Wednesday, October 24, 2007

A Million Words

"They" say that career-ending disaster strikes when someone is promoted up to their level of incompetence.

But I think it’s less a case of rising too far and more a case of just too fast.

Consider this, from Buzz Bissinger’s New York Times profile of Chicago Cubs pitcher Kerry Wood:

"Although the act of pitching a baseball repeatedly is exceedingly stressful, doctors now generally accept that it is not the act itself that causes injury nearly so much as pitching while fatigued. …
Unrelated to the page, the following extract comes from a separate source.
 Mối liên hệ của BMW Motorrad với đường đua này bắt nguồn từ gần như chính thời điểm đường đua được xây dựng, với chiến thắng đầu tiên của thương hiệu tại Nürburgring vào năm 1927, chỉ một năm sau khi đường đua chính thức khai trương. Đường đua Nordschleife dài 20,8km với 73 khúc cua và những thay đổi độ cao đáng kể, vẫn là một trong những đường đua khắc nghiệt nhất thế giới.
"The tried-and-true method of preventing young pitchers from throwing when they are fatigued has been to keep them on strict pitch counts in the minor leagues -- 100 pitches per game has become something of an industry standard. ... [But] pitch counts prevent young pitchers from learning to pitch while tired, to pace themselves during a game, to get out of jams without simply handing the ball to the bullpen. …

"Instead, too many young pitchers, particularly those who have attracted media attention, come up to the majors too soon and feel an obligation to go full bore all the time. They are constantly reaching back for extra velocity, and if they are doing it as fatigue begins to set in, the possibility of their arms breaking down only multiplies."


Similarly, in the New Yorker article Fallen Idols (abstract online), David Denby makes a case for the 20th century’s movie-studio contract system over today’s free-agency:

"Seventy years ago, these actors would have been tested in a variety of small roles or B-movies -- tested to see whether both they could act and whether the audience perked up when they came onscreen. They would have been allowed to grow slowly. Now they are thrown into big roles in expensive movies, and they’re forced to overdraw on themselves before their temperament has found the right shape. They don’t know the camera yet, and the camera doesn’t always find much in their faces."

Reading two such similar cautions should perk up writers to the message for our own work. We learn the craft of writing; then we need to stay buckled down, doing the daily pages -- practicing the techniques one by one and in combination, practicing them when we're fresh and through fatigue, and noticing the effects on readers.

"They" also say that it takes a million notes to make a musician.

And a million words to make a writer.